Skip breakfast in Texas // Franklin’s BBQ in Austin

Franklin Austin

The legend that is Franklin Barbecue stretches far beyond its home-city of Austin, Texas.

What began life back in 2009 as a simple food truck just off the interstate has now become an undisputed Austin institution, a rite of passage for meat-loving tourists, and a veritable goldmine for owners Aaron and Stacy Franklin – so far the brand has generated a bestselling BBQ cookbook, a popular web series, an always-rammed trailer at SXSW, a line of BBQ sauces, and a PBS TV show, as well as multiple prestigious awards.

Franklin Austin

It’s saying something that this no-frills, unassuming restaurant, seating perhaps 100 diners at most along shared wooden benches, has exploded onto the national consciousness in recent years because, if Texas is known for one thing, apart from, you know, all the other things it’s known for, it’s good barbecue.

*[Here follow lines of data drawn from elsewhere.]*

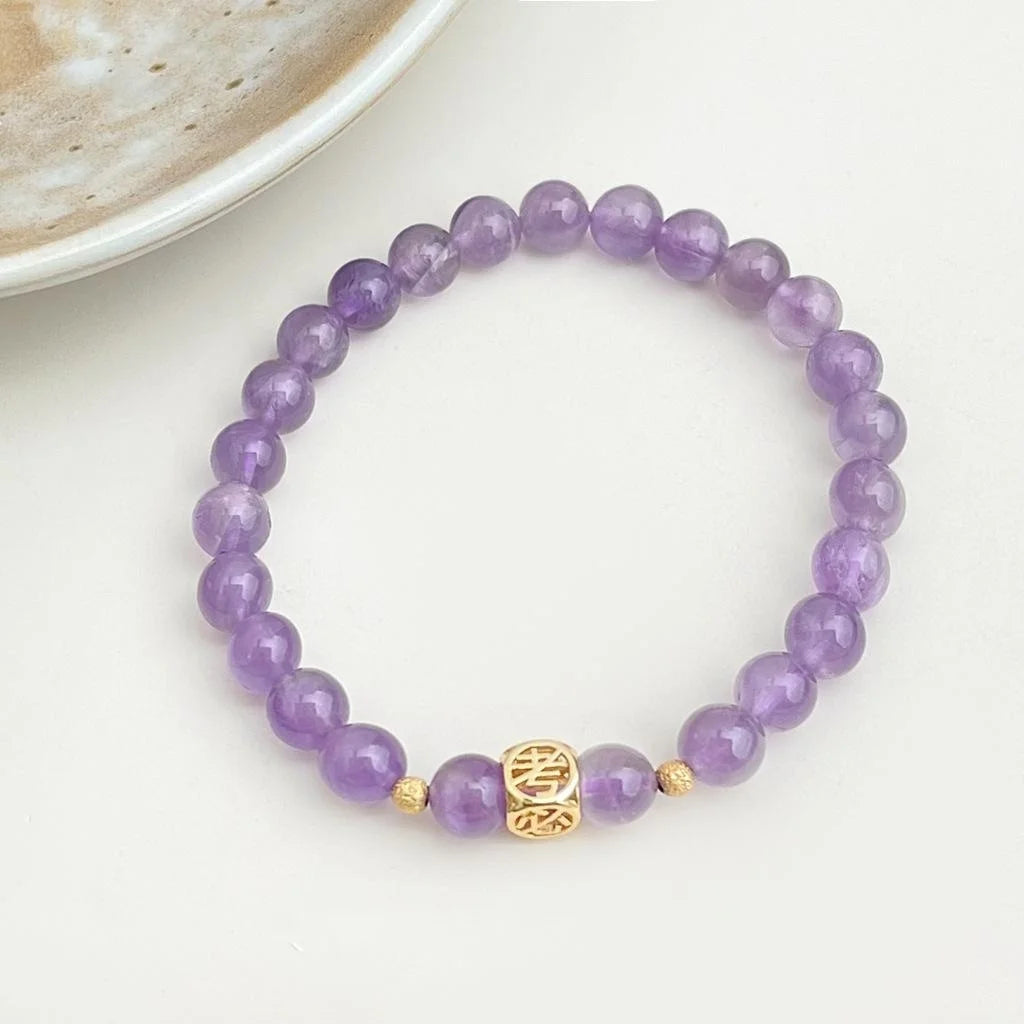 Natural Stone Lavender Amethyst Bracelet New Chinese Geometric Round Bead Jewelry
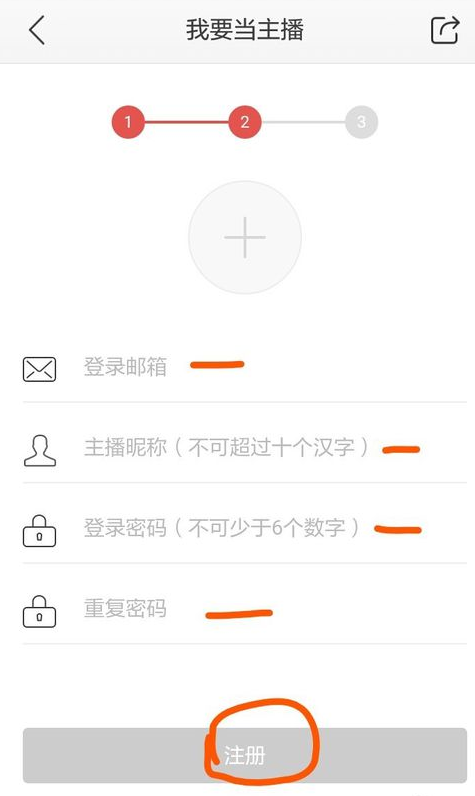 说说6在蜻蜓fm中上传节目的具体步骤。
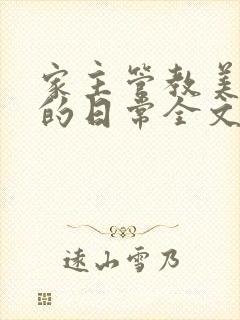 家主管教美人们的日常全文阅读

This is, after all, where American barbecue was (arguably) invented, and certainly where the art was perfected, by German and Czech settlers bringing with them across the Atlantic their smokers and crafty sausage-making techniques. A tradition of church and political socials taking place over barbecue developed, complimented by a booming Texan cattle industry and the emancipation of slaves, many of whom looked to barbecue pits as a source of income as freemen. What was once an inexpensive and efficient way of preparing food for migrating cotton pickers has now been refined to the point that there are over 100 BBQ cook-offs in Texas every year, with West, East and Central Texas all having their own particular styles.

Franklin Austin

There are two reasons why Franklin is regarded as THE place to eat barbecue in Austin. The first is the undeniable quality of the food on offer – a typical lunch menu here might be composed of luscious strips of brisket that has been smoked over oak for 12-18 hours until it melts in the mouth, or heaped plates of turkey, sausage and ribs that have had similar attention lavished upon them, accompanied by generous sides of potato salad and slaw, with a dangerously-tempting range of mouthwatering dessert pies from bourbon banana to key lime if your stomach is up to the challenge.

Secondly, and quite likely the principal cause of Franklin’s notoriety, is the length of time customers must wait before they get served. It’s not unknown for people to queue for anywhere up to six hours for their food – come rain or shine, you take your turn in the line outside that stretches down the block and around the corner. Some even take their place before dawn during busy weeks in order to be first in the door when it opens at 11am. I actually heard of one person who queued for almost ten hours and still considered it worth the wait.

To accommodate this staggering level of demand, the restaurant gets through upwards of 20,000lbs of brisket alone, every month, with the smokers starting up in the scarily-early hours of the morning.

Franklin Austin Franklin Austin

Some prefer to skip the queue. You can order ahead to walk right in the door and pick up your food, but you need to book several weeks in advance. There are many other good BBQ joints in Austin, so many locals have somewhat lost interest in the Franklin phenomenon by now, but those that still can’t resist a fix will sometimes pay an industrious soul to hold their place in the line for them.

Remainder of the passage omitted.